Friday, February 7, 2014

Controlling My Desire to Control.

A reader asked, "How do I know whether or not I'm being controlling, when I think that I'm being helpful?"

One way that worked (and still works) marvellously for me, was through using our slogan "How Important Is It?" This requires rigorous honesty with myself, none of the common self-justification which so often begins with those three words "I was just...."

How important is it that the towels be folded to my specifications, rather than the way Robert chooses to fold them?

Are they equally as absorbent, when folded his way? Do they still fit the linen cupboard and the towel rack? Yes to all three questions, and the reality is that it isn't of any importance whatsoever that they be folded the way I'd fold them instead. Let it go.

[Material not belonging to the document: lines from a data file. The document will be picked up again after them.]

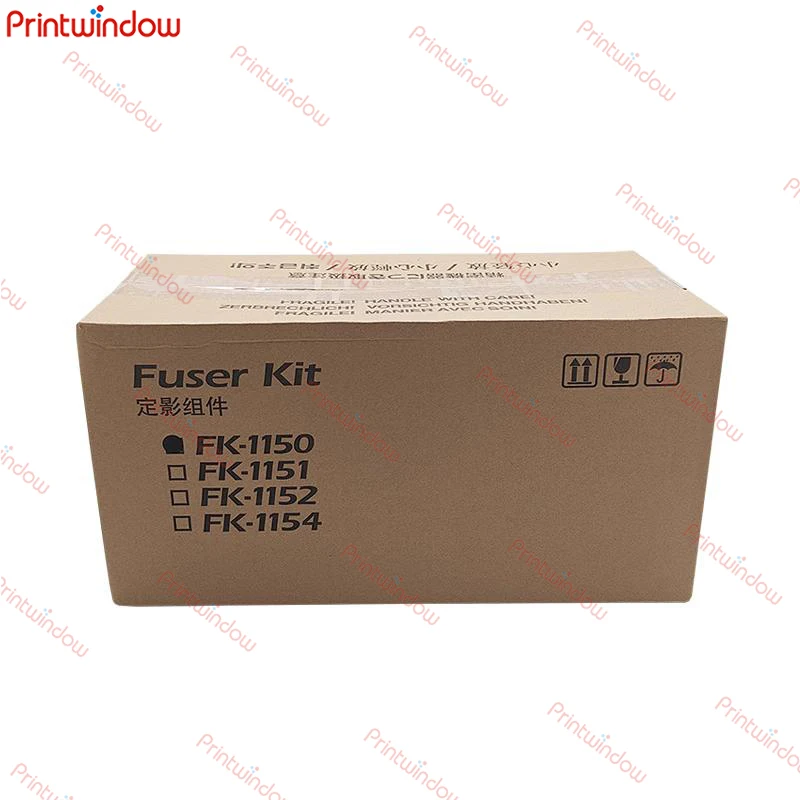 

Новый оригинальный блок термофиксатора FK-1150 для Kyocera P2235dn P2255dw P2040dn P2040dw в сборе термофиксатора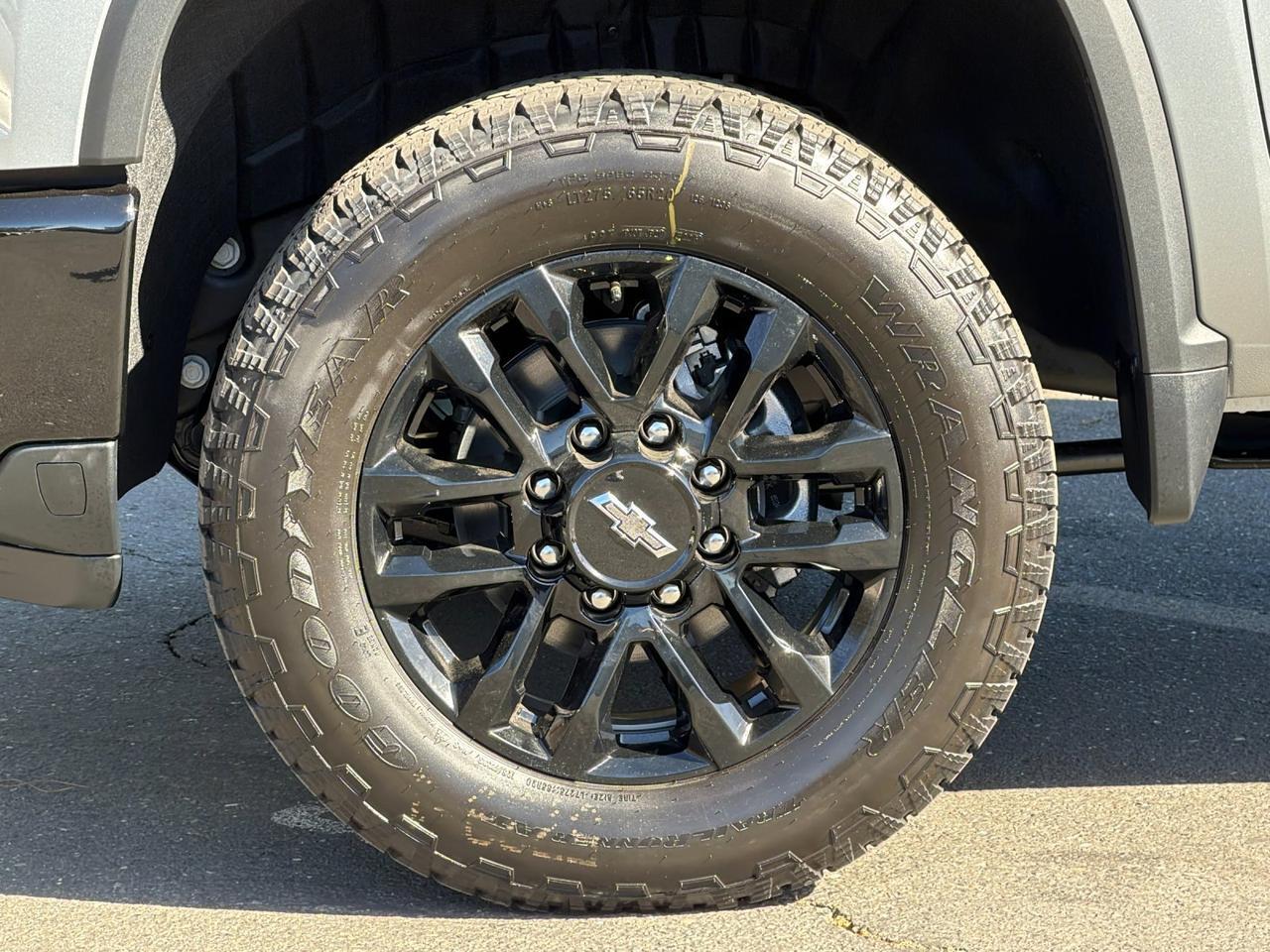2026 Chevrolet Silverado 2500HD Custom Folsom CA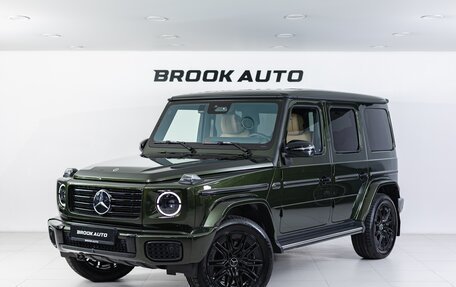 Mercedes-Benz G-Класс W463 рестайлинг _iii, 2025 год, 24 890 000 рублей, 1 фотография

With regard to my relationships, whether they be with my beloved partner, siblings, friends or sponsees, when I ask myself, before I speak,  "How Important Is It?" it has the same ability to clarify my thinking. I may not agree with the way another person is running their life, but as I said to a friend yesterday, I'm not the language, behavior, or attitude police for anyone but myself. It's not up to me to try to change the way another person thinks or acts. If I feel that it is important to speak up, because of wanting to set or maintain a boundary, that's appropriate. But speaking in an effort to change another person is not only an exercise in futility, it's the fastest way I know of to ruin intimacy and destroy their trust and comfort in us.

It was hugely freeing for me to finally understand and accept, that my opinion is not the correct opinion, it's only mine. If my opinion is sought, I have the option of offering it, or being honest when I don't have one. (That has been an education in another area entirely, realising that for some, saying that I don't have an opinion sounds like a lie - doesn't everyone have an opinion about everything?)

I spent time with my sponsor yesterday, and she said that she admired me for something I've been doing, and I promptly began to argue about it, until I sputtered to a stop, and laughingly admitted that I still can have trouble accepting compliments. She grinned at me, and said "I'll admire who I want to!"

I chaired the meeting of my home group last night, and I have found chairing meetings to be a good way to learn to let go of control, so that the meeting may find its own level, and members to speak as they feel moved to. This may mean that the topic is not rigidly adhered to; at times the topic may seem to have been completely forgotten. That's okay, too. I can believe and accept that everyone is going to hear whatever it is that they need to hear, and that were I to try to control the direction of the meeting, I might interfere with that magical process.

I know I'm being controlling when I feel a determination to have the other person do what it is that I wish for them to do, rather than allow them to make their own choices. When I feel like it is important that I get my own way, I am being controlling. When I feel impatient and frustrated, I am most likely being controlling.

When I am serene, I am at peace with myself, and those around me.


  1. My dad calls it "being helpy" when what I do is more of a hindrance. I've had to learn that too, especially when I'm training somebody at work. I have to remind myself that my serenity may not be their serenity and that if they do something different than how I would have done it, I shouldn't allow it to control my chi. Thanks for sharing this!

  2. Controlling behavior is something that I recognize in others and know that is another way I know that I too suffer from being a controller. If I spot it, then I've got it.